Univision, led by CEO Vincent Sadusky, during an analyst call discussed the current sales process for the company as rival media players were urged to be quick to kick the tires of the Hispanic media giant. "You've got to give this thing a good hard look. This is the last opportunity for this asset to trade," Sadusky insisted.

During the latest financial quarter, Univision reported second-quarter earnings from continuing operations of $92.0 million, compared with a year-ago profit of $121.3 million, down 24 percent. Quarterly adjusted operating income before depreciation and amortization (OIBDA), another profitability metric, dropped 14 percent to $265.7 million.

Vincent Sandusky
Quarterly revenue declined 4 percent to $701.7 million, with core revenue down 3.5 percent to $694.5 million, including a 1.1 percent drop in media networks unit core advertising revenue. Total networks unit advertising revenue fell 2 percent to $347.2 million "due to declines in television advertising revenue, partially offset by higher digital advertising revenue."
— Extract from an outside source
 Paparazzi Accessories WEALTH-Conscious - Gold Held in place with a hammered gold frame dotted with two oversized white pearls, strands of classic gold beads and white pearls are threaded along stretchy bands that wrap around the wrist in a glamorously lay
Radio revenues were also down 4.6% to $61.7 million from $64.7 million, while radio advertising revenue decreased 6.2% to $57.9 million from $61.7 million. Core radio ad revenue fell 4.6% to $55.7 million from $58.4 million. Non-advertising radio revenue increased to $3.8 million from $3 million from the year-ago period. Adjusted OIBDA decreased 14 to $265.7 million from $308.8 million.

Media networks unit non-advertising revenue, including carriage fees and content licensing, declined 6.2 percent to $292.8 million in the latest period.

Subscriber fee revenue in the quarter reached $263.3 million, down from $279.6 million in the year-ago period. Univision this year had a carriage dispute with Dish Network, which it settled late in the first quarter.

Sadusky told analysts Univision would continue to see subscriber fee evenue declines away from its newly-signed deal with Dish, in line with the rest of the pay TV industry. "We're behaving as the ecosystem behaves," he said.

Besides recent stepped-up investments in programming and ad sales to draw Hispanic audiences and marketers, Sadusky pointed to "mid single-digit" growth in ad revenue after the recently completed 2019/2020 upfront sales cycle, combined with even stronger growth on the digital advertising front.